At 11:14am this morning, wgeurin wrote the following in a comment to my previous blog post:
“The piece is so horribly written that into the second paragraph I was thinking it was a deliberate satire to show how bad some writing could be. Then I realized it was just bad writing.”
intered added, much less dismissively, the following:
“Thank you, Mr. Jackson. I do not intend to be impolite with respect to the writing. I enjoy reading what you have to say. However, it is also impolite to ask readers to wade through unnecessary obfuscation, circumlocution, and jargon to get to a simple point.”
These responses voice the common (and legitimate) concern that many academics and non-academic have about the love affair that some scholars seem to have with opaque and over-dressed prose.
wgeurin and intered push back against my willingness to, say, deploy words like deploy, or to unnecessarily “complexify” ideas that might be put much more simply. (I put complexify in scare-quotes to flag its highfalutin pretensions.) Both authors make a reasonable point about the importance of clarity and accessibility. But I also want to push back against their justifiable push back, at least a little bit.
For one thing, I actually like playing with different registers. There is a time and a place for all kinds of prose, from the most purple to the most jargon-riddled. In fact, I want to defend bad writing. Or, at the very least, I would argue that bad is too broad an evaluative brush.
There is the bad that bespeaks a basic lack of ability to communicate ideas effectively (and, in certain instances, affectively).
There is also the bad that reeks of mere insiderism and exclusivity.
Those two instances aren’t necessarily related, but academics certainly get trained to write for “the club” in ways that aren’t easy to unlearn or disavow. Authors who don’t know how to code-switch can’t talk to many of the interested parties that they might otherwise reach.
I also think that some (though admittedly not all) “bad writing” is just the nuancing of analyses in ways that pivot on the tiny slippages between ostensible synonyms, exploiting connotative implications and fine-grained denotative differences.
There is also the issue of over-using/deploying “passive-verbs” and of scholars carefully qualifying all of their claims into oblivion. Indeed, we could probably list many more instances of what might count as bad writing.
I actually enjoy reading certain kinds of “bad writing,” at least some of the time, especially from the scholars who often get hammered for their impenetrable prose. That’s usually anybody who invokes the notion of “performativity” or cites the work of Michel Foucault or gets described as a disciple of Cultural Studies.
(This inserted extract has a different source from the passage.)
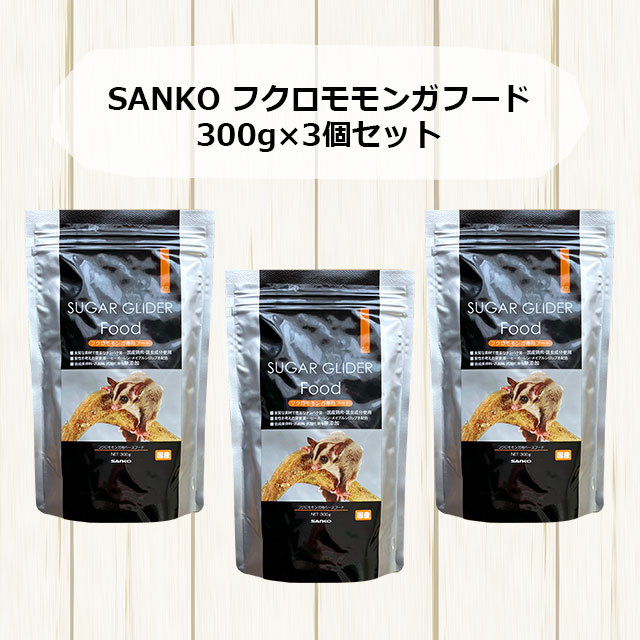 国際ブランド 3個セット SANKO フクロモモンガフード 300g×3個セット 三晃商会 サンコー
The last post was my purposeful attempt to flex those specific (and specifically bad) writerly muscles. You have to be able to write it to read it. And if you’re not careful, you lose that ability. Writing a blog for The Chronicle, where a certain premium (even though maybe not enough of one for some of its critics) is placed on readability, can cause those aforementioned writerly muscles to get flabby real fast.
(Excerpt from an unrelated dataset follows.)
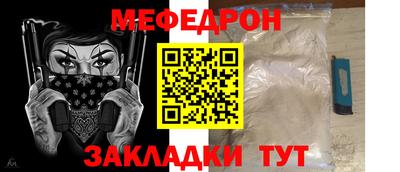 прущие крисы Наро-Фоминск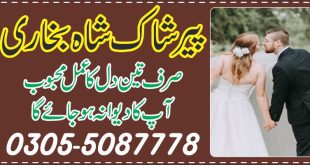 Dua to get lost love back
Of course, another point is also relevant, a point that is part of the “non-trivial tautology” that intered mentions in his/her longer response to my comment. There is a clear market value to performing a kind of writerly opacity that keeps the many out while welcoming and interpellating the chosen few. Gordon’s piece would problematize that, too. And it also demonstrates another version of my own ostensible complicity with the dynamic he decries.